Hello world!
I am new to working in CUDA and I’m working on porting a DSP application. Hurray to CUDA!
I’m looking at the simpleCUFFT example and I was wondering regarding the complex multiplication step…
First, the purpose of the example is to apply convolution using the FFT. The input signal and the filter response vectors (arrays if you wish) are both padded (look up the book “Numerical Recipes in C” to understand how and why it is done the way it is…), then forward FFT is applied. The two (complex valued) vectors are then point-wise multiplied with each other. The resulting vector is then inverse FFT’d and so magically gives you the output of the filter response.
What I am curious about is how they implement the pointwise multiplication using a kernel launch. Simple code… The code is below.
...
// kernel launch
ComplexPointwiseMulAndScale<<<32, 256>>>(d_signal, d_filter_kernel, new_size, 1.0f / new_size);
...
// Complex pointwise multiplication
static __global__ void ComplexPointwiseMulAndScale(Complex* a, const Complex* b, int size, float scale)
{
const int numThreads = blockDim.x * gridDim.x;
const int threadID = blockIdx.x * blockDim.x + threadIdx.x;
for (int i = threadID; i < size; i += numThreads)

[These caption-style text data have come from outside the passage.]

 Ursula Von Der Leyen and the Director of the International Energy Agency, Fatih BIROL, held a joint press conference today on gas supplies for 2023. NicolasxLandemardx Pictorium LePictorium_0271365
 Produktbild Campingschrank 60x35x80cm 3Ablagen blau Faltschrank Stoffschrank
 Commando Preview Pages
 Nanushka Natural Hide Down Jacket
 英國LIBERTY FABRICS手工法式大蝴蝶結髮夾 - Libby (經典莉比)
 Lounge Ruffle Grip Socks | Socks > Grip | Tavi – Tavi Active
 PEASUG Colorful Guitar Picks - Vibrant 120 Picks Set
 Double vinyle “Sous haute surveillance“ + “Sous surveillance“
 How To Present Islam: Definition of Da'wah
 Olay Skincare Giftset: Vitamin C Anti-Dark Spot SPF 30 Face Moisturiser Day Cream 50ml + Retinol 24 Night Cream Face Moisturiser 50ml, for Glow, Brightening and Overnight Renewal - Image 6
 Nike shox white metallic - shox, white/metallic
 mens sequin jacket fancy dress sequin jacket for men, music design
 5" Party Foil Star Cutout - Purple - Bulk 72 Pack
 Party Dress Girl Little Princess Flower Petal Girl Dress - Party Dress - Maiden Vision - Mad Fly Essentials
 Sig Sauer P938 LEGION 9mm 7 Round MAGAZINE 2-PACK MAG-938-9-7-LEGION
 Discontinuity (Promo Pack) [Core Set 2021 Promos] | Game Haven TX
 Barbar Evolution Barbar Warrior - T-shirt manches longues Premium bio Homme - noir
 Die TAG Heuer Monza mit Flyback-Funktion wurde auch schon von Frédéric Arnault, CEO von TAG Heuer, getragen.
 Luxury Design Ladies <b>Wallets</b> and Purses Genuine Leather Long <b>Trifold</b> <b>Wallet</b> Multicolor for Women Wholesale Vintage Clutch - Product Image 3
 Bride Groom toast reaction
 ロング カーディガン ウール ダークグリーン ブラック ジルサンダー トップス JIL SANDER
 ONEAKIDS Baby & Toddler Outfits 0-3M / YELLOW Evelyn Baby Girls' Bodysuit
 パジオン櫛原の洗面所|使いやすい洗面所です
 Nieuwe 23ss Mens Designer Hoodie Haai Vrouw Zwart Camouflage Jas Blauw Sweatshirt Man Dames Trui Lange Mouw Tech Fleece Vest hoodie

a[i] = ComplexScale(ComplexMul(a[i], b[i]), scale);
}
What I am not sure about is how they decided to launch 32 blocks and 256 threads per block. These numbers dont seem to relate to the size of the original input vector nor the filter response vector. However, it seems to me that the for loop condition (i < size) protects the threads from accessing non-existant data. Is this true? I’m new to working with threads so the way in which the job is distributed among the threads isn’t entirely clear…